Crawled caption data

━━━━━━━━━━━━━━━━━━━━━━━━━━━━━━

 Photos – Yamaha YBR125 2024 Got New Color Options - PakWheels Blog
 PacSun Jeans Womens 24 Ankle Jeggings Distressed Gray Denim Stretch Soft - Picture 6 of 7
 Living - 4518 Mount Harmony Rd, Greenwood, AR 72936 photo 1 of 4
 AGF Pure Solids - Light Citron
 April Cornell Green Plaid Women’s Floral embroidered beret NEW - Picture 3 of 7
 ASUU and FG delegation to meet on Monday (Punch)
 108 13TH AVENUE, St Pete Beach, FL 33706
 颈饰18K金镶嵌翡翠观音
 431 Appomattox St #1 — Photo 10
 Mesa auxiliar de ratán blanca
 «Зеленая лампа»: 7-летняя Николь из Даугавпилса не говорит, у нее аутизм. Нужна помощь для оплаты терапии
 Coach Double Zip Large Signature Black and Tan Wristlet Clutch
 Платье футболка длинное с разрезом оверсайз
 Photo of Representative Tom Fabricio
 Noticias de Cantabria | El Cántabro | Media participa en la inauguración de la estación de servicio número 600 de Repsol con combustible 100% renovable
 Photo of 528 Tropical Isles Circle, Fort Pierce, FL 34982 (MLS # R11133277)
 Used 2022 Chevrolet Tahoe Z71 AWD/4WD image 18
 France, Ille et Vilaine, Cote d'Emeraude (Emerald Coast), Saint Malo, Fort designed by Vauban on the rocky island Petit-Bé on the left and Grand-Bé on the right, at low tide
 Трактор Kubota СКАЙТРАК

━━━━━━━━━━━━━━━━━━━━━━━━━━━━━━

* **What you have to do**:
Word for word, repeat every line of the data.

* **Exercise answer**:
 Photos – Yamaha YBR125 2024 Got New Color Options - PakWheels Blog
 PacSun Jeans Womens 24 Ankle Jeggings Distressed Gray Denim Stretch Soft - Picture 6 of 7
 Living - 4518 Mount Harmony Rd, Greenwood, AR 72936 photo 1 of 4
 AGF Pure Solids - Light Citron
 April Cornell Green Plaid Women’s Floral embroidered beret NEW - Picture 3 of 7
 ASUU and FG delegation to meet on Monday (Punch)
 108 13TH AVENUE, St Pete Beach, FL 33706
 颈饰18K金镶嵌翡翠观音
 431 Appomattox St #1 — Photo 10
 Mesa auxiliar de ratán blanca
 «Зеленая лампа»: 7-летняя Николь из Даугавпилса не говорит, у нее аутизм. Нужна помощь для оплаты терапии
 Coach Double Zip Large Signature Black and Tan Wristlet Clutch
 Платье футболка длинное с разрезом оверсайз
 Photo of Representative Tom Fabricio
 Noticias de Cantabria | El Cántabro | Media participa en la inauguración de la estación de servicio número 600 de Repsol con combustible 100% renovable
 Photo of 528 Tropical Isles Circle, Fort Pierce, FL 34982 (MLS # R11133277)
 Used 2022 Chevrolet Tahoe Z71 AWD/4WD image 18
 France, Ille et Vilaine, Cote d'Emeraude (Emerald Coast), Saint Malo, Fort designed by Vauban on the rocky island Petit-Bé on the left and Grand-Bé on the right, at low tide
 Трактор Kubota СКАЙТРАК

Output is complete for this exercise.